## What you need to do
Leave out the images and transcribe the entries below word for word.

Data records
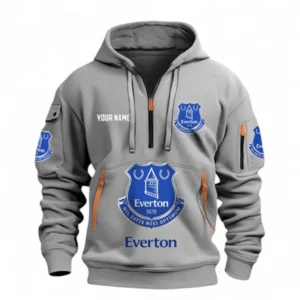 Everyday Hoodie Half Zipper, Athletic-Inspired Logo EPL116 - Grey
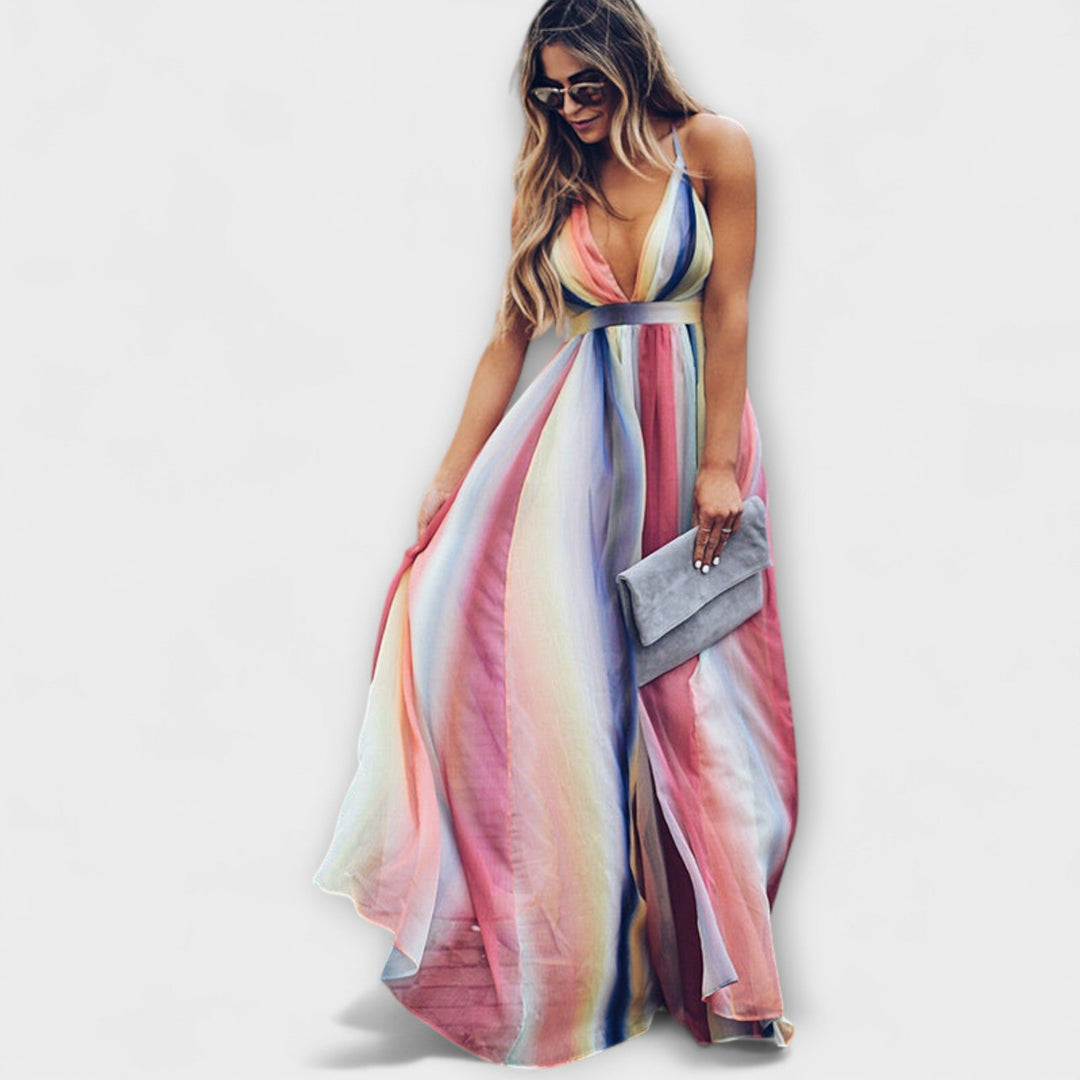 V-Neck Multicolored Striped Women's Dress for Every Occasion
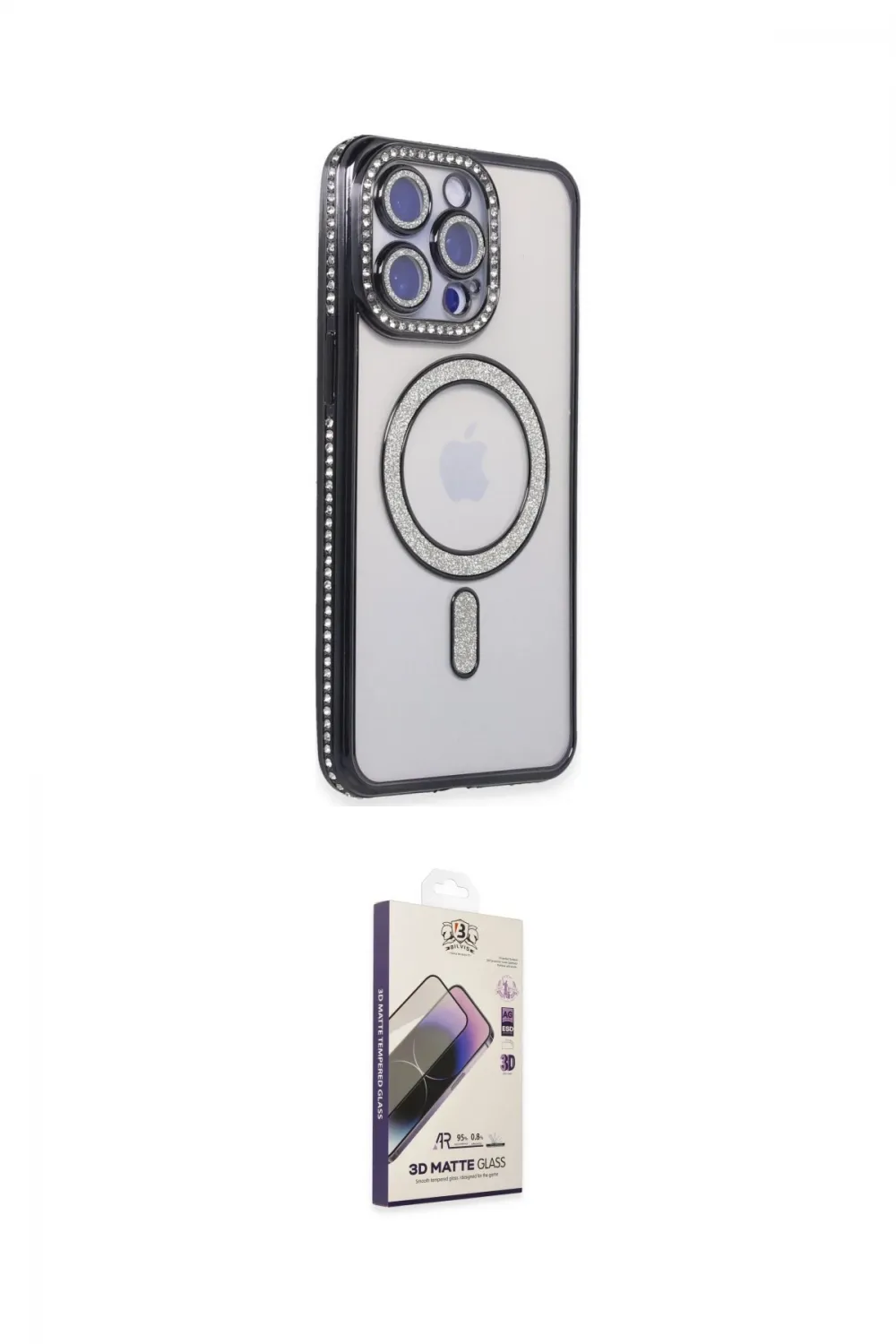 ieg™ iPhone 15 Pro Max Kılıf Zirve Doku Prime - Siyah Bilvis 3D Mat Cam Ekran Koruyucu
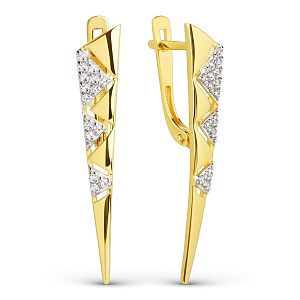 Серьги из желтого золота с фианитами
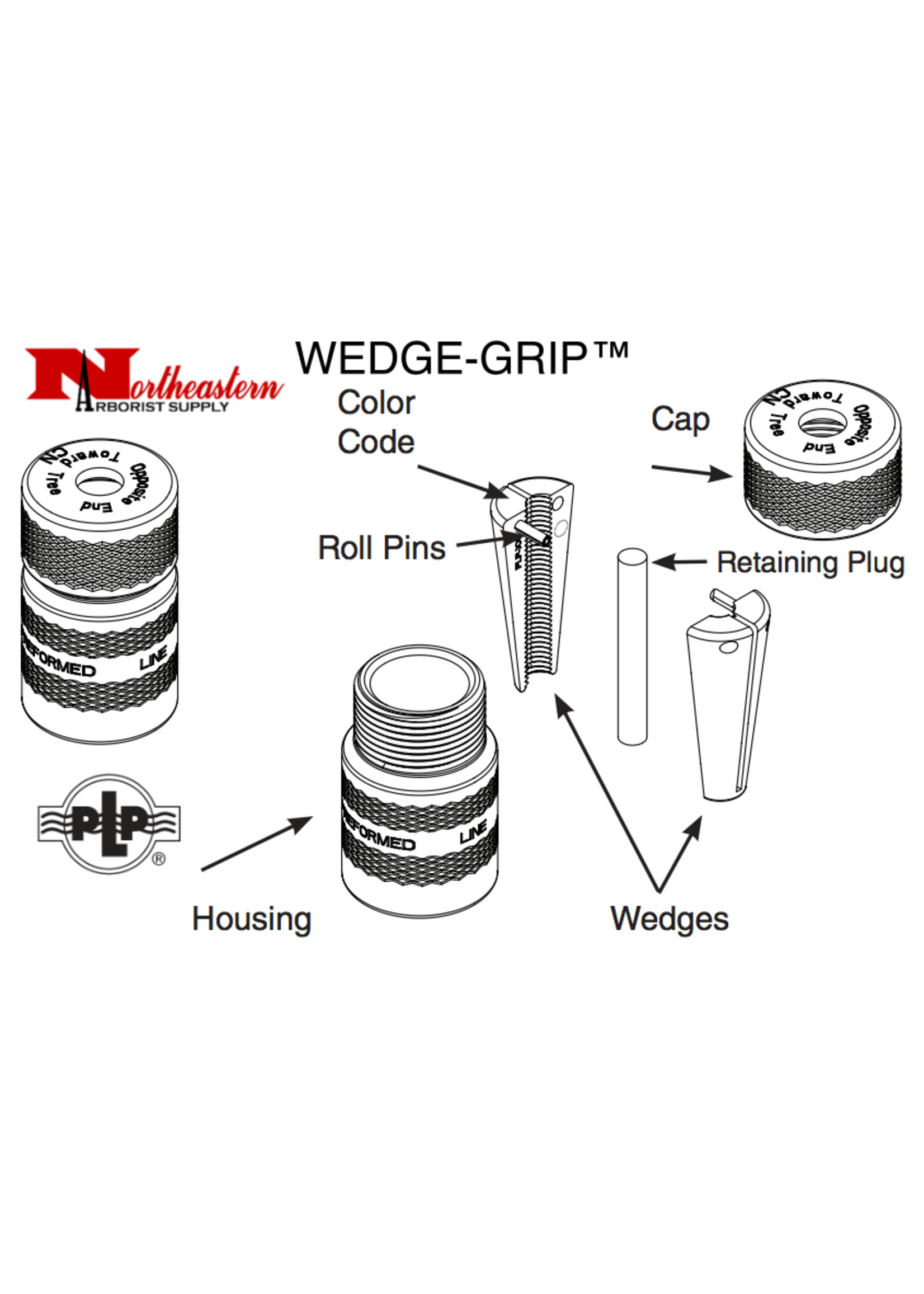 Preformed Line Products Wedge-Grip Dead-End 5/16in - Black
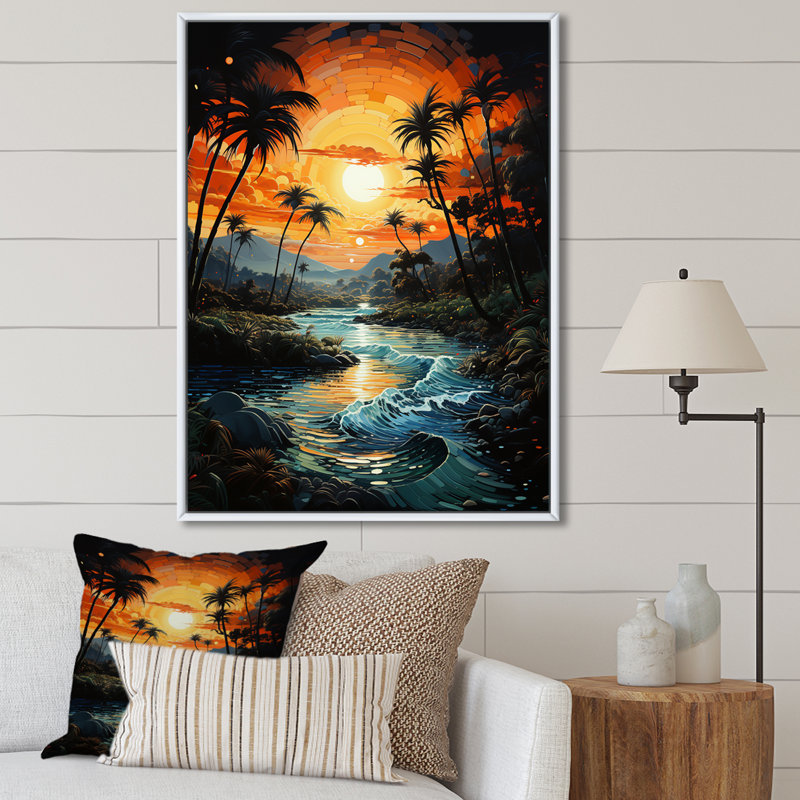 «Saudres Palm Trees Sunrise IV», reproduction sur toile, H 32 po x l 24 po x P 1 po, Cadre flottant blanc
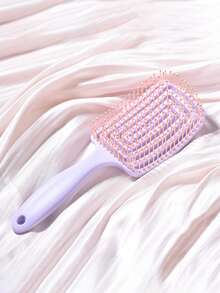 1pc Hollow Arc Mosquito Coil Comb, Purple And Pink Rake Comb For Men And Women, Massage Comb, Smooth Hair Comb - Mauve Purple - View 2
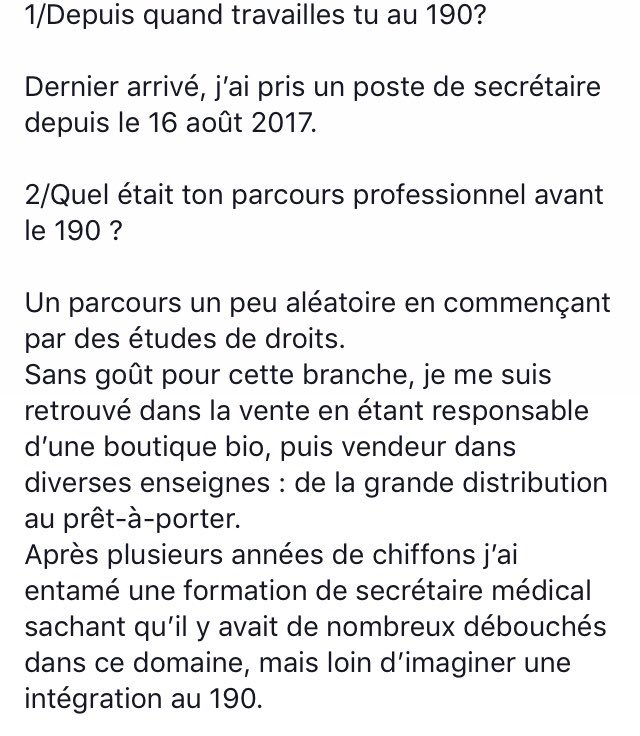 Le190_Paris's tweet photo. Chaque semaine faites connaissance avec un membre de l’équipe #Le190. Aujourd’hui Alexandre, secrétaire médical, répond à nos questions. https://t.co/eEOpWCDb1D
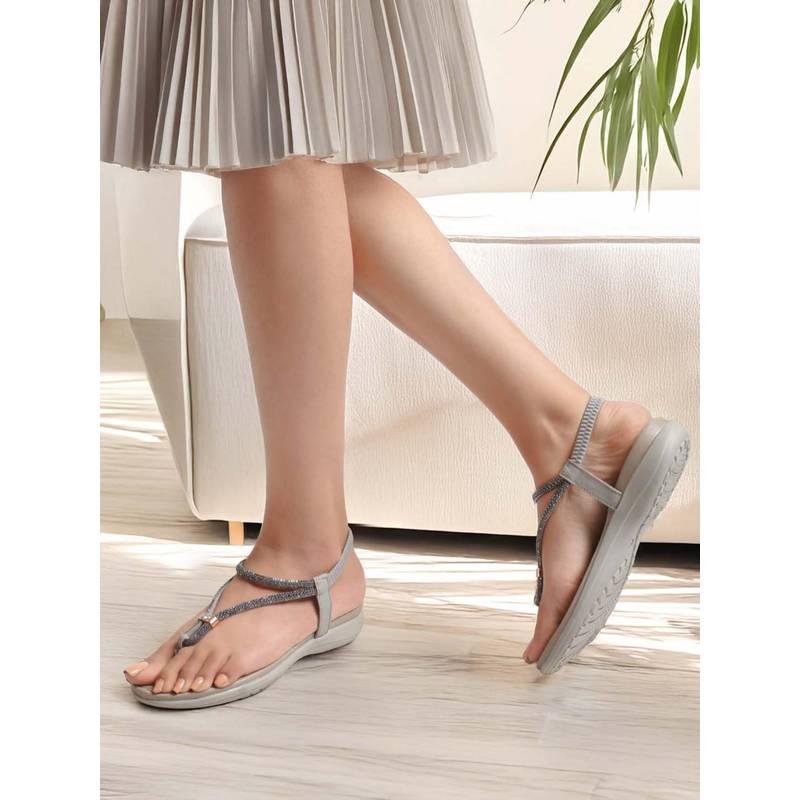 ELLE Women Two-Tone Thong Sandals-Grey (EURO 36)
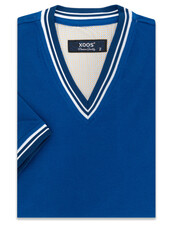 XOOS Blue knit short-sleeve V-neck T-shirt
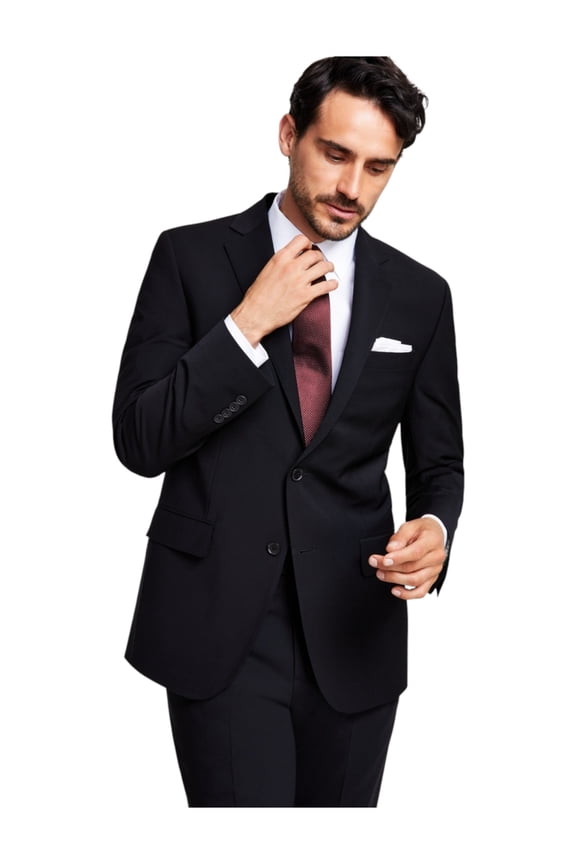 Mens Classic fit Suit Jacket Blazer 48 R Black Solid Stretch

## Result for this exercise
 Everyday Hoodie Half Zipper, Athletic-Inspired Logo EPL116 - Grey
 V-Neck Multicolored Striped Women's Dress for Every Occasion
 ieg™ iPhone 15 Pro Max Kılıf Zirve Doku Prime - Siyah Bilvis 3D Mat Cam Ekran Koruyucu
 Серьги из желтого золота с фианитами
 Preformed Line Products Wedge-Grip Dead-End 5/16in - Black
 «Saudres Palm Trees Sunrise IV», reproduction sur toile, H 32 po x l 24 po x P 1 po, Cadre flottant blanc
 1pc Hollow Arc Mosquito Coil Comb, Purple And Pink Rake Comb For Men And Women, Massage Comb, Smooth Hair Comb - Mauve Purple - View 2
 Le190_Paris's tweet photo. Chaque semaine faites connaissance avec un membre de l’équipe #Le190. Aujourd’hui Alexandre, secrétaire médical, répond à nos questions. https://t.co/eEOpWCDb1D
 ELLE Women Two-Tone Thong Sandals-Grey (EURO 36)
 XOOS Blue knit short-sleeve V-neck T-shirt
 Mens Classic fit Suit Jacket Blazer 48 R Black Solid Stretch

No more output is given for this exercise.